╭─ PROVIDED RECORDS
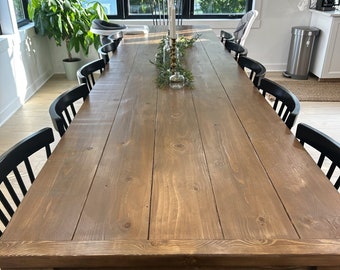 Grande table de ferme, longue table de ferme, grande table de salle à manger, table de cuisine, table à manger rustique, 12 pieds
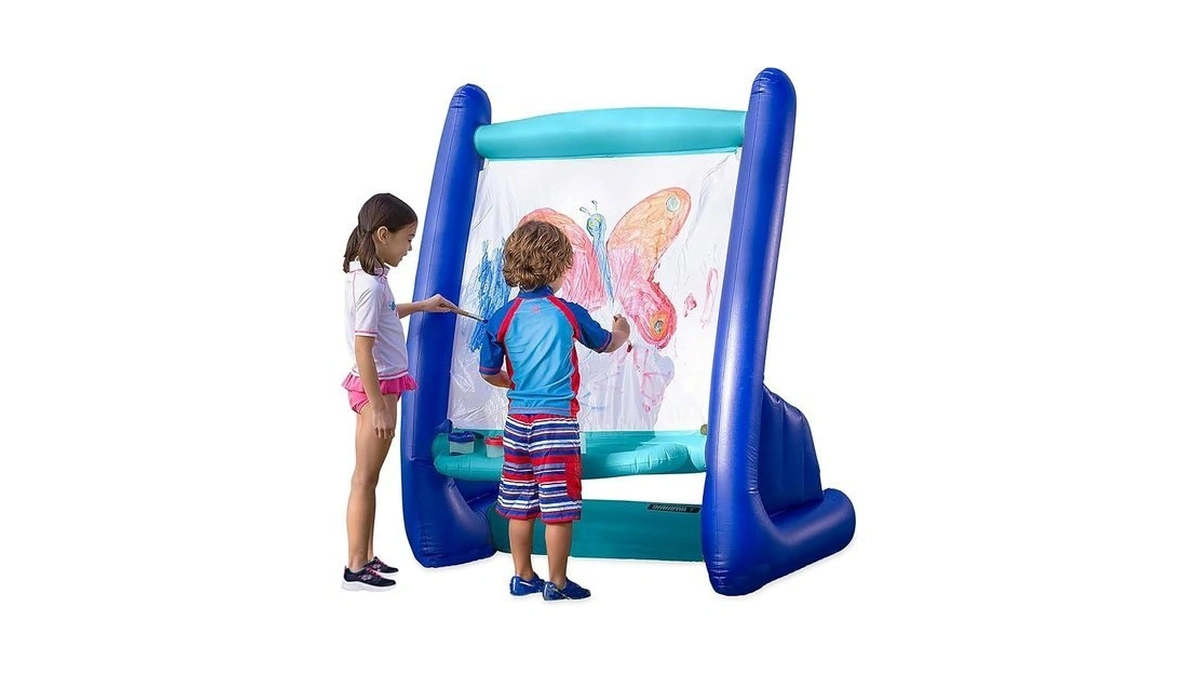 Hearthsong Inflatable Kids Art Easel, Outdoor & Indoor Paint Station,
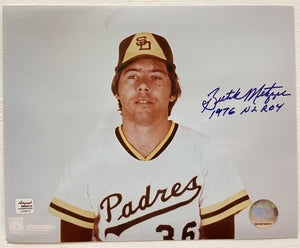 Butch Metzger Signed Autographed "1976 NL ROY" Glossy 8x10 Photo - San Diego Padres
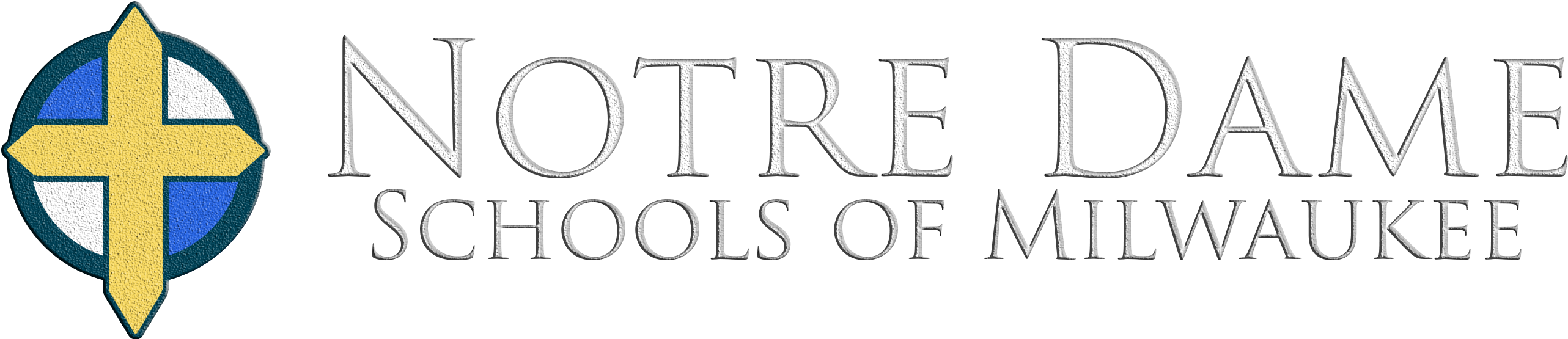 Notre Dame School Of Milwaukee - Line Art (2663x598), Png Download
╰─
╭─ PROVIDED RECORDS
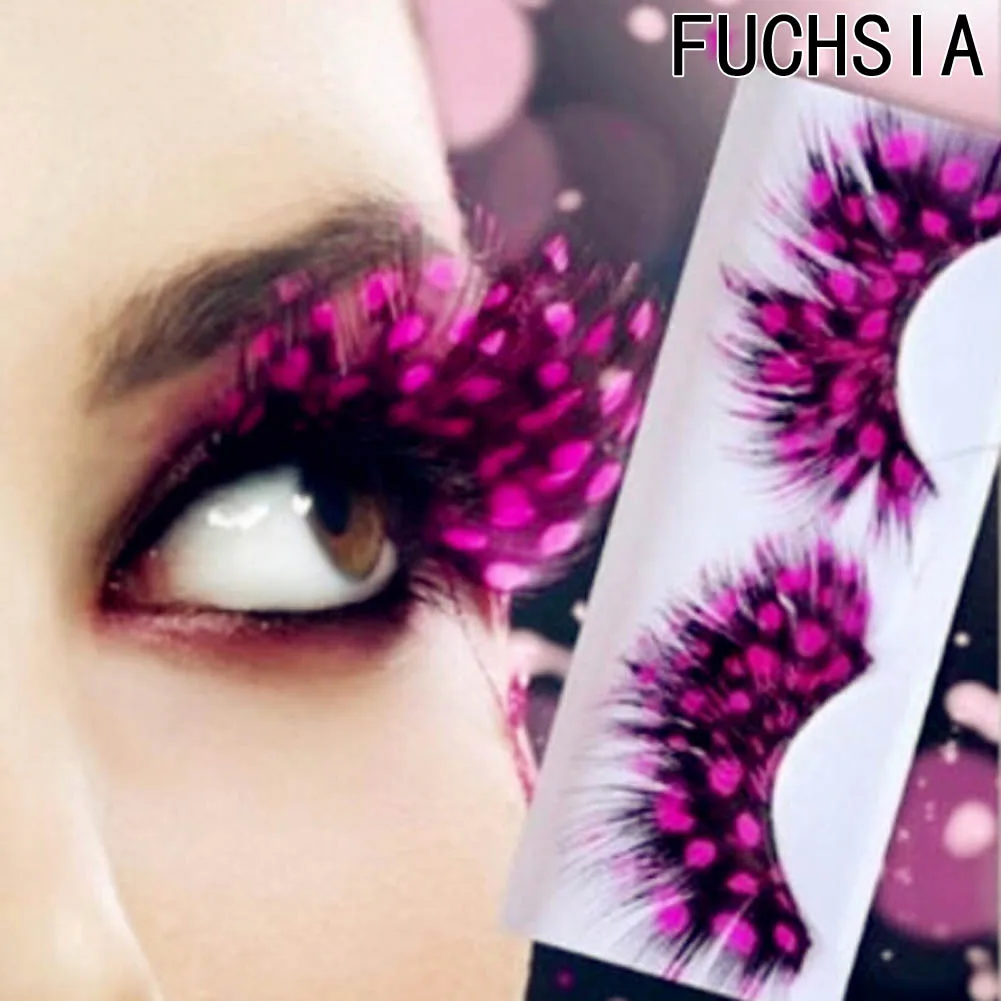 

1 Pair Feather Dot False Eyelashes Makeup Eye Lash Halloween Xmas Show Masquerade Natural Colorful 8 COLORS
╰─
=== PROBLEM TO WORK ON ===
In the entries above, find the line with "Butch Metzger Signed" and the line with "Notre Dame School". Write out exactly those two lines and every line between them, pictures excluded.

=== TASK SOLUTION ===
 Butch Metzger Signed Autographed "1976 NL ROY" Glossy 8x10 Photo - San Diego Padres
 Notre Dame School Of Milwaukee - Line Art (2663x598), Png Download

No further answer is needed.